Scraped caption text data
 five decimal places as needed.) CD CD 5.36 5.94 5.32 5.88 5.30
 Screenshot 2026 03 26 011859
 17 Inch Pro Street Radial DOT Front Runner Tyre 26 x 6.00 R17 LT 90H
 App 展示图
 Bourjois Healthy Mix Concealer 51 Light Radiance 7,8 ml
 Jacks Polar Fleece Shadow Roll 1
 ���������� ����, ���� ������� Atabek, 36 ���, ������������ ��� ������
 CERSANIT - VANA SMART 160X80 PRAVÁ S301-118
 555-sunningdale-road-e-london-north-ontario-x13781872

---

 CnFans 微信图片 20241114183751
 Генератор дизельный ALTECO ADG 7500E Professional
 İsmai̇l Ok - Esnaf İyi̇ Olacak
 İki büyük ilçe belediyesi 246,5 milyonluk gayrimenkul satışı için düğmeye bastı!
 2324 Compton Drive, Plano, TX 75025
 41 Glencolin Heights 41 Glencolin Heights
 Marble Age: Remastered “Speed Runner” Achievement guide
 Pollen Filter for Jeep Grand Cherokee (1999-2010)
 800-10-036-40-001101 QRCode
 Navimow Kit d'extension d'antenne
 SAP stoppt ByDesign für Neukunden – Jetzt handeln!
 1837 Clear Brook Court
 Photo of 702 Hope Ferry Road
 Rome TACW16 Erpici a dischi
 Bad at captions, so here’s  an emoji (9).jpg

* ACTIVITY:
Your answer should be the lines above, from the line containing "CERSANIT - VANA SMART 160X80 PRAVÁ S301-118" up to and including the line containing "555-sunningdale-road-e-london-north-ontario-x13781872", reproduced exactly and with nothing else.

* ANSWER BOX:
 CERSANIT - VANA SMART 160X80 PRAVÁ S301-118
 555-sunningdale-road-e-london-north-ontario-x13781872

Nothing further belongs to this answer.